Is the probability of a chain of dependent events, independent of the order in which they occur?

Question

So I have a bag of 6 balls: 3 red, 2 blue and 1 green.

Events:

A: I draw a red ball

B: I draw a blue ball

C: I draw a green ball

I do not replace the balls (thus, resulting in conditional probability).

Is the probability that I remove balls in the order: R, B, G, the same as the probability that I remove them in the order B, G, R? Or any order?

Intuitively, the probability of order R-B-G is $\frac{3}{6}.\frac{2}{5}.\frac{1}{4}$ and B-G-R gives $\frac{2}{6}.\frac{1}{5}.\frac{3}{4}$, both of which are $\frac{1}{20}$.

Thus, is p(A and-then B and-then C) = p(A and-then-C and-then B)? If so, why?

Answer 1

1. Order does not matter. You are right.

2. I think the rule for which you are looking is called the chain rule (of probability).

http://en.wikipedia.org/wiki/Chain_rule_%28probability%29

If you want to compute

$P(A_1, A_2, A_3)$, you can do so like this:

$$P(A_1, A_2, A_3) = P(A_3 | A_1, A_2) P(A_2 | A_1) P(A_1)$$

But since $P(A_1, A_2, A_3) = P(A_1, A_3, A_2)$, we can do:

$$P(A_1, A_2, A_3) = P(A_2 | A_1, A_3) P(A_1 | A_3) P(A_3)$$

Oh, when I say $P(A_1, A_2, A_3)$, I mean $P(A_1, A_2, A_3) = P(A_1 \cap A_2 \cap A_3)$

Edit: Um, $A_1$ can be removing the green ball, $A_2$ for red and $A_3$ for blue.

Answer 2

I think your own explanation is already a mathematical proof that both probabilities are indeed equal. Your products of probabilities are correct and hence the result follows. Intuitively, this is due to the fact that you are only drawing $1$ ball per color. Things would be more complicated if you would consider the sequence RRB for example.

Answer 3

Yes, for the mentioned problem the result is independent on the order. Let's say you have $n$ balls and their distribution by colors: $(n_1, n_2, n_3 = n-n_1-n_2)$. Then you extract $i$ balls and their distribution by colors: $(i_1, i_2, i_3 = i-i_1-i_2)$, then the answer:

$$\frac{i!}{n!}\cdot \frac{n_1!}{(n_1-i_1)!}\cdot \frac{n_2!}{(n_2-i_2)!}\cdot \frac{n_3!}{(n_3-i_3)!},$$ regardless of the order.

Answer 4

Let $E$ denote the event that the first $3$ balls that are drawn have distinct color.

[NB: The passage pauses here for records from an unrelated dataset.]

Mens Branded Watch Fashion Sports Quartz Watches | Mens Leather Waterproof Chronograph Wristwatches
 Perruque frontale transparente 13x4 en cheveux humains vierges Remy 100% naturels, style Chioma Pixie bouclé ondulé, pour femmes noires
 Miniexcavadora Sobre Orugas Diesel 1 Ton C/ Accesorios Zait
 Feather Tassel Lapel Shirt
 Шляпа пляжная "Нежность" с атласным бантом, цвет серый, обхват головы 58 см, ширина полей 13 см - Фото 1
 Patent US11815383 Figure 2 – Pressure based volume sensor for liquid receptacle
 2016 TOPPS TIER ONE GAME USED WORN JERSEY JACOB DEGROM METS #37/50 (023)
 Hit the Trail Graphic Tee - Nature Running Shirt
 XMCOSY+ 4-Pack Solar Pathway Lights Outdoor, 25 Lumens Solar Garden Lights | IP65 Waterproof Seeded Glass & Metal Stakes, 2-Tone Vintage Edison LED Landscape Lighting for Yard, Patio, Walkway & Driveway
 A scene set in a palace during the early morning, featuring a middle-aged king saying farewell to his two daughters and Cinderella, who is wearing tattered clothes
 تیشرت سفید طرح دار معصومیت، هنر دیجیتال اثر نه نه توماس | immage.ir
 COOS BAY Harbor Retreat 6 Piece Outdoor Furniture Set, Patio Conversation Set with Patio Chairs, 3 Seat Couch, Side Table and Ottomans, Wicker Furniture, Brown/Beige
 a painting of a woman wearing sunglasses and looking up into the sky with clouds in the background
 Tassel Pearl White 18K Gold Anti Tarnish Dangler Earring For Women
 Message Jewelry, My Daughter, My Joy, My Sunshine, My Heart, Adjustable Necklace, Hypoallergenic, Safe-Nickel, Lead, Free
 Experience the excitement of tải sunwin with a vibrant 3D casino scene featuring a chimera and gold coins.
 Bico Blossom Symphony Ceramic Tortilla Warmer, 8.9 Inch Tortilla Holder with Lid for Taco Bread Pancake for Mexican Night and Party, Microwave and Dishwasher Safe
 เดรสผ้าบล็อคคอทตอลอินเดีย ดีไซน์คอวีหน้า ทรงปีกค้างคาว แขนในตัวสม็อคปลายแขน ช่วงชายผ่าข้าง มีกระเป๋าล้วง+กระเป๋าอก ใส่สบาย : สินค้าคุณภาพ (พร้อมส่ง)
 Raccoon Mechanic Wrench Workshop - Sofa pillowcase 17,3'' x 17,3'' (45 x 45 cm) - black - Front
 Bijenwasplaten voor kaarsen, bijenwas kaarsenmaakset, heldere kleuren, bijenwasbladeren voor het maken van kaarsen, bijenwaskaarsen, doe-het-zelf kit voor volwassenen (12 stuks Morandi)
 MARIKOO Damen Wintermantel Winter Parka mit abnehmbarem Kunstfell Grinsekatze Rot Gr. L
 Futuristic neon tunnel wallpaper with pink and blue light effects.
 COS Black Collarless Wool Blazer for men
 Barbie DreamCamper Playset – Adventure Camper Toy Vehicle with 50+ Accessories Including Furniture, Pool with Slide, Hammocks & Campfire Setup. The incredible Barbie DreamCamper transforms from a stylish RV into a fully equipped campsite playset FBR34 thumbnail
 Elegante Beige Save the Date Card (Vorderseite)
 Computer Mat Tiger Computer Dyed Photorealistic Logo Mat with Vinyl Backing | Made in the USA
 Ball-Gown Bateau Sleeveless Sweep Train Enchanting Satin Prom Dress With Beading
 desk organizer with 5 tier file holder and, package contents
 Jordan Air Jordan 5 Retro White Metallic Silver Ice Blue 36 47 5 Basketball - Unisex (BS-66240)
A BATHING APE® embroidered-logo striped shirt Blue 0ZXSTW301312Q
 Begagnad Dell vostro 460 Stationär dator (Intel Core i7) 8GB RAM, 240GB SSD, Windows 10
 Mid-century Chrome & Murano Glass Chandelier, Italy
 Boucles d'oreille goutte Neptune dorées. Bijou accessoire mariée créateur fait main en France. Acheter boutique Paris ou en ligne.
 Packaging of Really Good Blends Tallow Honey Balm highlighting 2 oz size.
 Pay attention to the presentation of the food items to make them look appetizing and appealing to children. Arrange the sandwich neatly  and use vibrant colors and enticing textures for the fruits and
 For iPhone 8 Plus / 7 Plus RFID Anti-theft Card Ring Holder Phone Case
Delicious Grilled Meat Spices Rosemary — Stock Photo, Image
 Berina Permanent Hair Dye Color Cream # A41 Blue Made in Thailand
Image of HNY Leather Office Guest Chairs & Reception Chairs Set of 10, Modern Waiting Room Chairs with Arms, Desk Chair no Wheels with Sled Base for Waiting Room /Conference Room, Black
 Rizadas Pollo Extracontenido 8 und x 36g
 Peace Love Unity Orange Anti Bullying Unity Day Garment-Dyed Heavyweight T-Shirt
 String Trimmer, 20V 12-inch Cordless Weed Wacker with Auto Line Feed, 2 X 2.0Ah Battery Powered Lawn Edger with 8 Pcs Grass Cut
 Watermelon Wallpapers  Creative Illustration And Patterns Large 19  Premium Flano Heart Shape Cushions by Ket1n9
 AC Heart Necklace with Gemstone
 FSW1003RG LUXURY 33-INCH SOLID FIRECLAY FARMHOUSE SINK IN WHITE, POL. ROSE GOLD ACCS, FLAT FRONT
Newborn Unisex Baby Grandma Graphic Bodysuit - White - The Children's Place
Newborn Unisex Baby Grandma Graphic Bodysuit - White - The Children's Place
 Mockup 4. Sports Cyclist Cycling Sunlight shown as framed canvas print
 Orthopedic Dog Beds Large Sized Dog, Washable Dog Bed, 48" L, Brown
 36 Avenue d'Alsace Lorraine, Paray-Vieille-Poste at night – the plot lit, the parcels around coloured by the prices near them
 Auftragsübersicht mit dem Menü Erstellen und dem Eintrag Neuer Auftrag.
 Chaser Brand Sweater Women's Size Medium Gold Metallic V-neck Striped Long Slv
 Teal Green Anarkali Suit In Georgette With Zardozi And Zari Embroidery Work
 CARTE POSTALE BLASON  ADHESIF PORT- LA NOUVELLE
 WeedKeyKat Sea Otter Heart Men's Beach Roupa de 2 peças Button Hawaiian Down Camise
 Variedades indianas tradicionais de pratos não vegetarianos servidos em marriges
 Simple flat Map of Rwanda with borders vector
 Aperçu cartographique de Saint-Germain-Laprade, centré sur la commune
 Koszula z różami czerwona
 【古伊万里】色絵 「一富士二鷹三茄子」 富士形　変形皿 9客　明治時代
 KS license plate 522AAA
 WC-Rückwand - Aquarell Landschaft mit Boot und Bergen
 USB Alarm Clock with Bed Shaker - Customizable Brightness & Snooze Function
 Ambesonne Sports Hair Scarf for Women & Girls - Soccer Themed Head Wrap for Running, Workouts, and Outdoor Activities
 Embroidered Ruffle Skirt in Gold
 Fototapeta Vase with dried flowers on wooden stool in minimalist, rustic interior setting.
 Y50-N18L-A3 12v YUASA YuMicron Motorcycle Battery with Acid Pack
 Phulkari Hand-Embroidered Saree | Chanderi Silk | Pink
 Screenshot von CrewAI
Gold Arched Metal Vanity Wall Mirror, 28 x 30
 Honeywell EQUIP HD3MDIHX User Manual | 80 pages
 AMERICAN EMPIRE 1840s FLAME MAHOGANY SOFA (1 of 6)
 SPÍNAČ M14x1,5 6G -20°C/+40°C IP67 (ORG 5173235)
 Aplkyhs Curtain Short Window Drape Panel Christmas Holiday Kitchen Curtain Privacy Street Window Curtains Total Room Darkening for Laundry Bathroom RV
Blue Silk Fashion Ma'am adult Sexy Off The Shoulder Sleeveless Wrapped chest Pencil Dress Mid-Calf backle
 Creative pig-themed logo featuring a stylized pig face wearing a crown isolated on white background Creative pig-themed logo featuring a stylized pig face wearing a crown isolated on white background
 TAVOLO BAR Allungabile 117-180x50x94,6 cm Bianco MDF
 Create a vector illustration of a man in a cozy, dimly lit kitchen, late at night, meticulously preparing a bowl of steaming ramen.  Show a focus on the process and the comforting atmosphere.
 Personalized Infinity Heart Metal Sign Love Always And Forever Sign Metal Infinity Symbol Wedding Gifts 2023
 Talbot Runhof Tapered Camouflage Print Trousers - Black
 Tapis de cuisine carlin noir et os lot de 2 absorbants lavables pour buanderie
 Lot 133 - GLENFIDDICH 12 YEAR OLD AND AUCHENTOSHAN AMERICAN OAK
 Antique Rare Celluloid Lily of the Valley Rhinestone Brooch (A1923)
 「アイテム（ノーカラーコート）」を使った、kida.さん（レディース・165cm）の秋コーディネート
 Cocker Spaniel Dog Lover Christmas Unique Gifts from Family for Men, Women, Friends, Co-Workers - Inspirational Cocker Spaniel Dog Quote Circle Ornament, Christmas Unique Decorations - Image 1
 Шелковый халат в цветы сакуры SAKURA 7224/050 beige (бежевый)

Do you understand that $P(BGR\mid E)=P(RBG\mid E)$?

(Here $BGR$ stands for the event that the first ball removed is blue, the second is green and the third is red.)

This because working under condition $E$ is the same as drawing $3$ balls from a bag containing exactly $3$ balls that have distinct color.

But here we have also $BGR\cap E=BGR$ and $RBG\cap E=RBG$ which leads to:$$P(BGR)=P(BGR\cap E)=P(BGR\mid E)P(E)=P(RBG\mid E)P(E)=P(RGB\cap E)=P(RBG)$$

Answer 5

After a few years and learning more probability theory, I think the answer I was looking for is twofold:

1. If you assume three events happen together, then the probability is $p(A, B, C)$, which just means $p(A \text{ and } B \text{ and } C)$. Since "and" (conjunction) is independent of order, $p(A \text{ and } B \text{ and } C) = p(B \text{ and } C \text{ and } A)$, or any other permutation.
2. Another way to look at three events is in terms of information: what information does the occurrence of event A have on the probability of B? Subsequently, what does the occurrence of events (A and B) have on the probability of event C? If we assume that the chronological order of events was A, B, C, we can instead look at the conditional probability, i.e. $p(A)p(B|A)p(C|B,A)$. This view assumes that event A occurs first (causing us to update our probability that B occurs, given that A has occurred), then B occurs (causing us to update our probability that C occurs, given that A and B have occurred).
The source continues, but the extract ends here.